Convolutional Neural Networks for Image Segmentation
Localisation, detection, and segmentation
03-May-2026
CNNs for computer vision
Some of the material from this lecture comes from online courses of Charles Ollion and Olivier Grisel - Master Datascience Paris Saclay. CC-By 4.0 license.
Beyond image classification
Classification answers “what is in this image?” — but real-world vision asks more:
Where is the object? (localisation)
How many objects, and which class is each one? (detection)
Which pixels belong to which object? (segmentation)
From classification to dense prediction
Same backbone (CNN/ViT) — but with task-specific heads
The pretrained classifier is the starting point in (almost) every modern approach
Outline
Localisation as regression
Detection algorithms (YOLO, RetinaNet, Faster R-CNN)
Fully convolutional networks → U-Net
Losses and transfer learning for segmentation
Instance segmentation (Mask R-CNN) and what came after
Localisation
Single object per image
Predict coordinates of a bounding box (x, y, w, h)
Evaluate via Intersection over Union (IoU)
Localisation as regression
Classification + Localisation
Use a pre-trained CNN on ImageNet (e.g. ResNet)

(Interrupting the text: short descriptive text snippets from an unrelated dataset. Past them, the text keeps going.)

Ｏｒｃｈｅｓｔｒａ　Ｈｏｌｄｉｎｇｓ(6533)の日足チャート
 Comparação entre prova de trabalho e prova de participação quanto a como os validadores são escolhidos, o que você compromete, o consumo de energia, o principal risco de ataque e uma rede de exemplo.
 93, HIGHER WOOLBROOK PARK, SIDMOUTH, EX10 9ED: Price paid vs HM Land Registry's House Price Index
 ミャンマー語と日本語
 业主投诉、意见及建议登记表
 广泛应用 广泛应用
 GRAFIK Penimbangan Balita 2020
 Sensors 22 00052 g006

The “localisation head” is trained separately with regression
At test time, use both heads
C classes, 4 output dimensions (1 box)
Predict exactly N objects: predict (N \times 4) coordinates and (N \times K) class scores
Object detection
We don’t know in advance the number of objects in the image. Object detection relies on object proposal and object classification :
Object proposal: find regions of interest (RoIs) in the image
Object classification: classify the object in these regions
Two main families
Single-Stage : a grid in the image where each cell is a proposal (SSD, YOLO, RetinaNet)
Two-Stage : region proposal then classification (Faster-RCNN)
YOLO (You Only Look Once)
For each cell of the S \times S grid predict:
B boxes and confidence scores C (5 \times B values) + classes c
Final detections: C_j \cdot \mathrm{prob}(c) > \text{threshold}
One CNN, one forward pass — real-time detection
Globally processes the entire image at once
Redmon et al. “You only look once: Unified, real-time object detection.” CVPR 2016. The single-shot grid is still the conceptual core, even if modern YOLO versions add anchor-free heads, FPN, decoupled heads, etc.
YOLO today
The original YOLO concept is now a mature production library maintained by Ultralytics.

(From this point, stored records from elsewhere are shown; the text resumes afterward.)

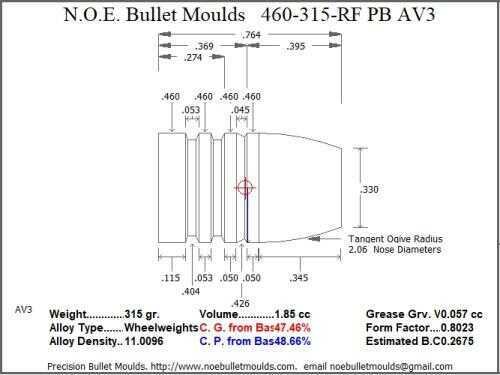 Bullet Mold 3 Cavity .460 caliber Plain Base 315gr-img-0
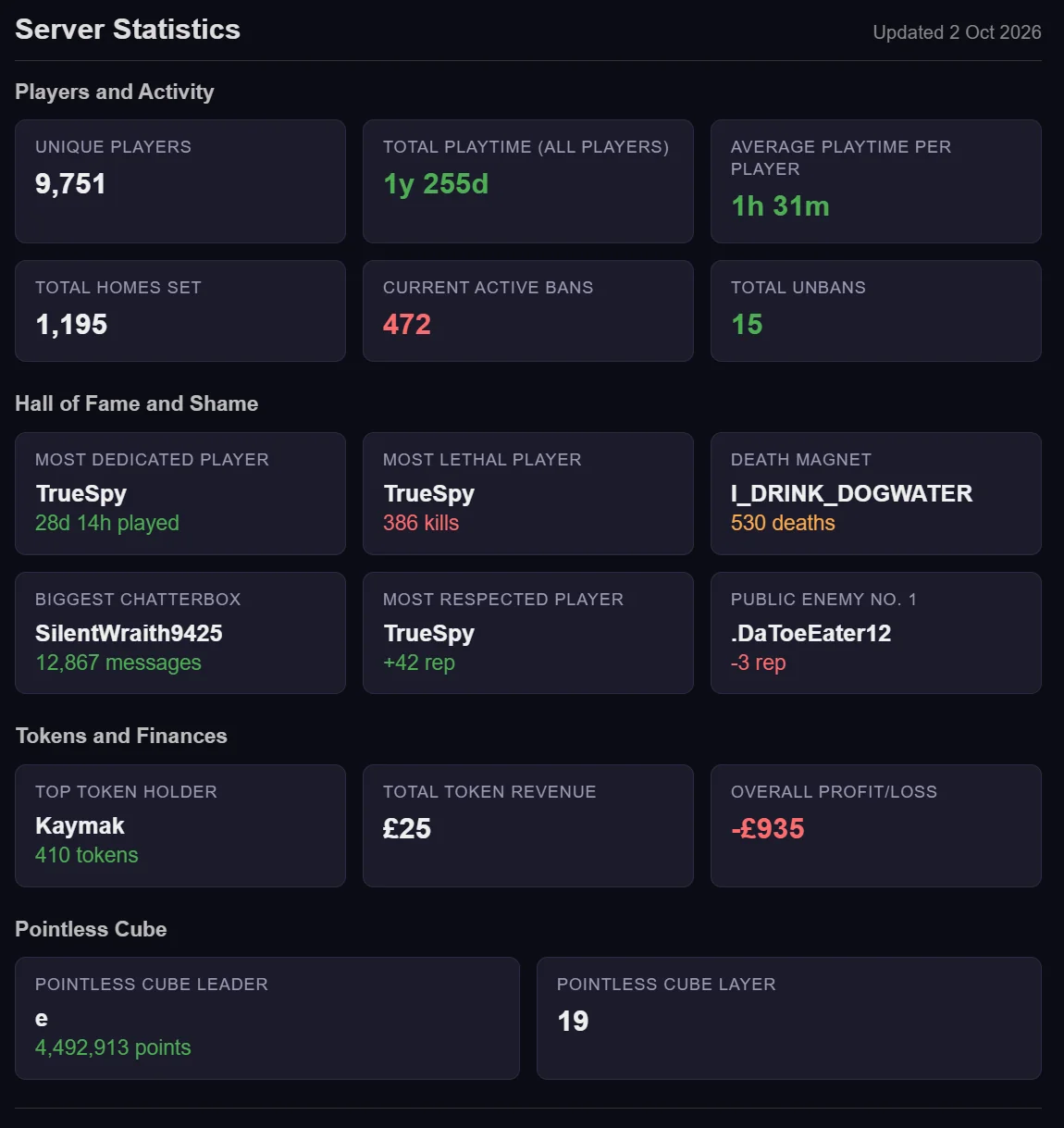 Server Year 2 Metrics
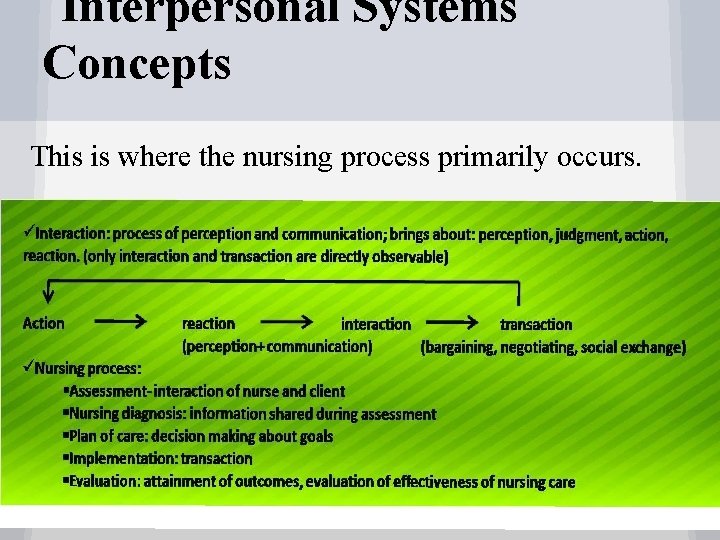 Interpersonal Systems Concepts This is where the nursing process primarily occurs. 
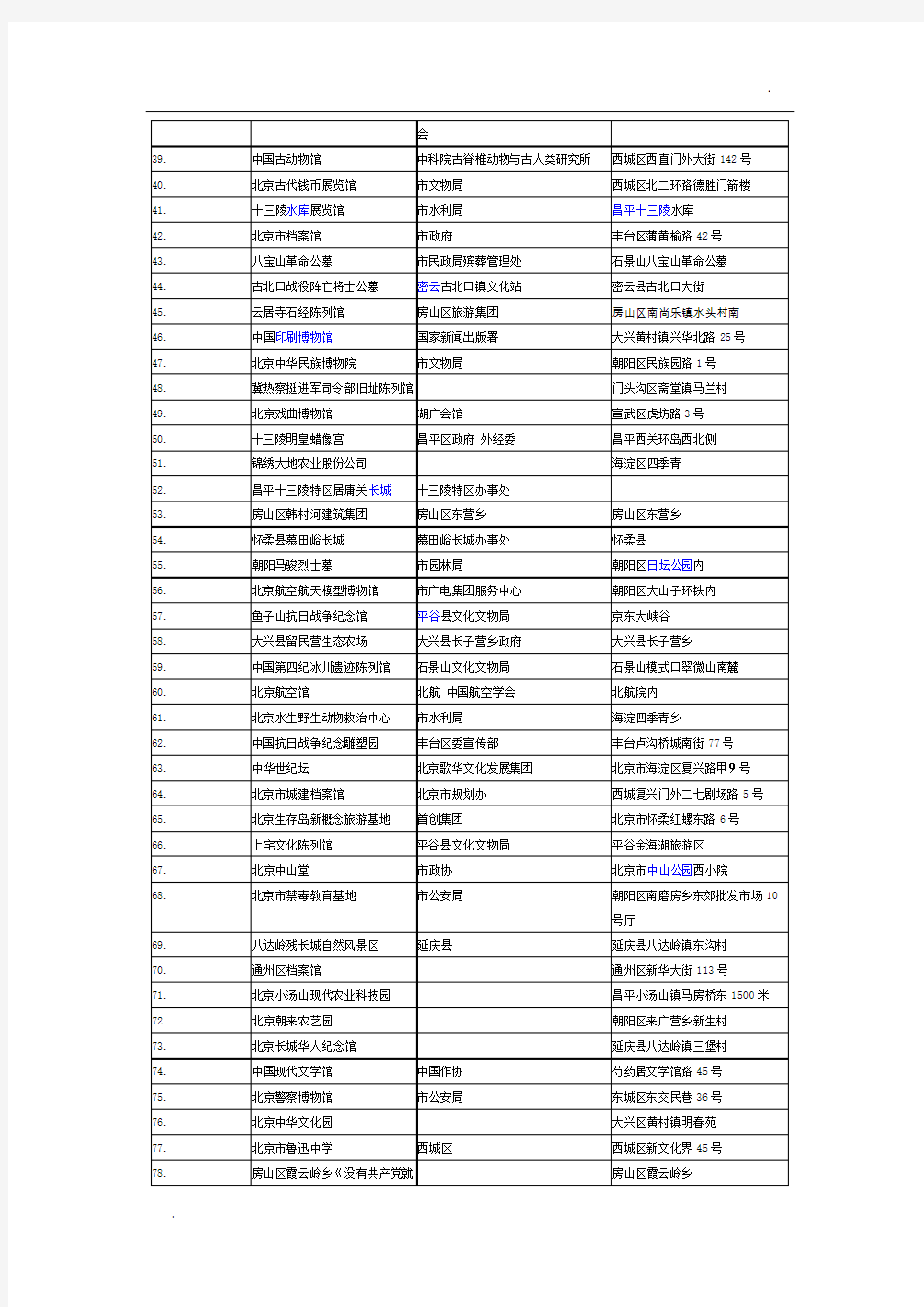 北京爱国主义教育基地一览表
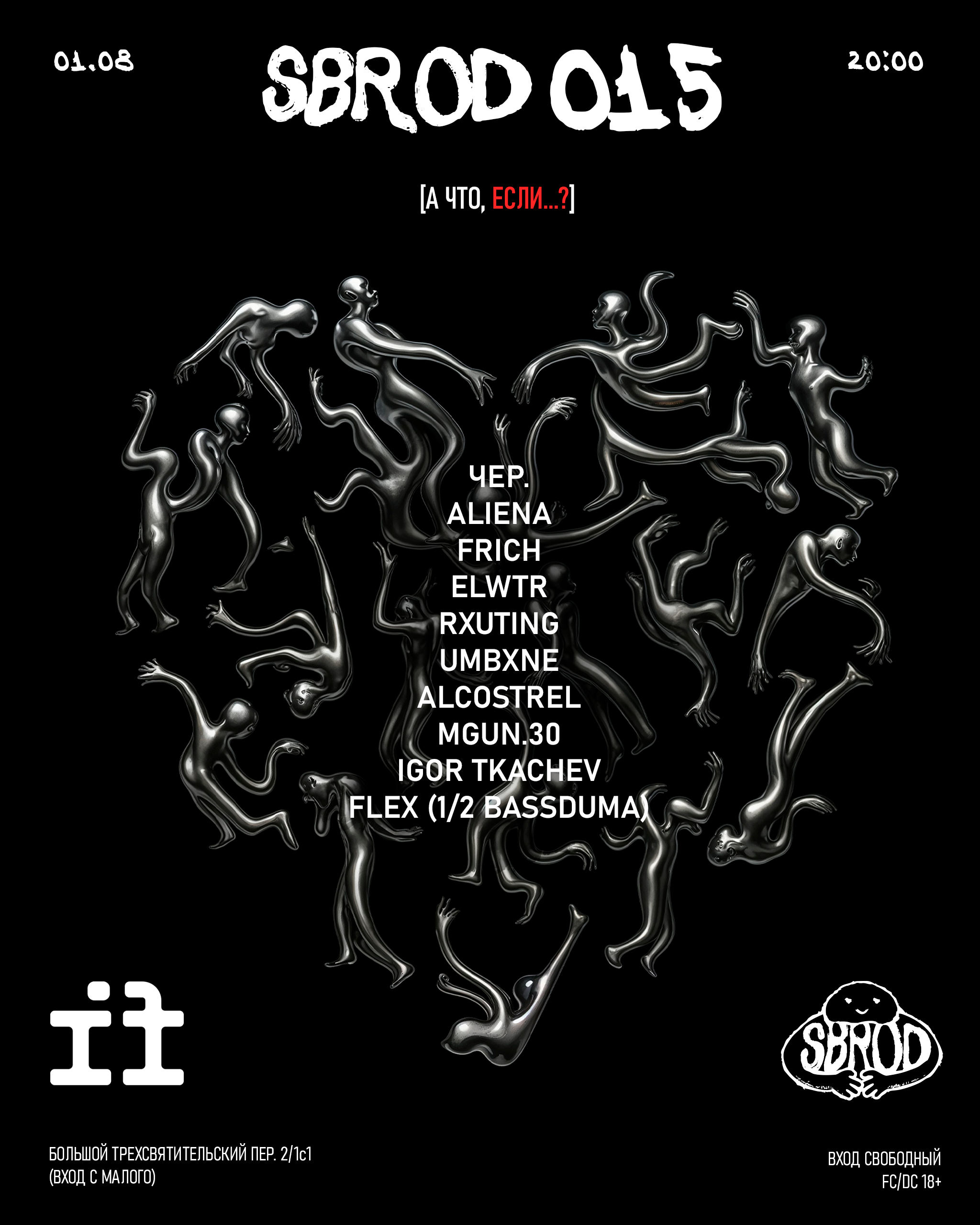 SBROD 015: А что, если… ?. SBROD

from ultralytics import YOLO
model = YOLO("yolo11n.pt" ) # COCO-pretrained, ~3 MB
results = model.predict("img.jpg" ) # detection
results = model.predict("img.jpg" , task= "segment" ) # instance segmentation
Current generation: YOLOv11 (2024) — anchor-free, decoupled heads, FPN
One package covers detection, instance segmentation, pose estimation, OBB, tracking
Real-time on CPU for the small variants; GPU for bigger ones
RetinaNet
Single stage detector with:
Multiple scales through a Feature Pyramid Network
More than 100K boxes proposed
Focal loss to manage imbalance between background and real objects
See this post for more information.
Lin, Tsung-Yi, et al. “Focal loss for dense object detection.” ICCV 2017.
Box Proposals
Instead of using a predefined set of box proposals, find them on the image:
Selective Search — from pixels (not learnt)
Faster R-CNN — Region Proposal Network (RPN)
Crop-and-resize operator (RoI-Pooling ):
Input: convolutional map + N regions of interest
Output: tensor of N \times 7 \times 7 \times \text{depth} boxes
Allows the gradient to propagate only on interesting regions, and efficient computation
Faster R-CNN
Replace Selective Search with RPN , train jointly
Region proposal is translation invariant, compared to YOLO
Ren, Shaoqing, et al. “Faster r-cnn: Towards real-time object detection with region proposal networks.” NIPS 2015
Segmentation
Output a class map for each pixel (here: dog vs background).
Instance segmentation : specify each object instance as well (two dogs have different instances)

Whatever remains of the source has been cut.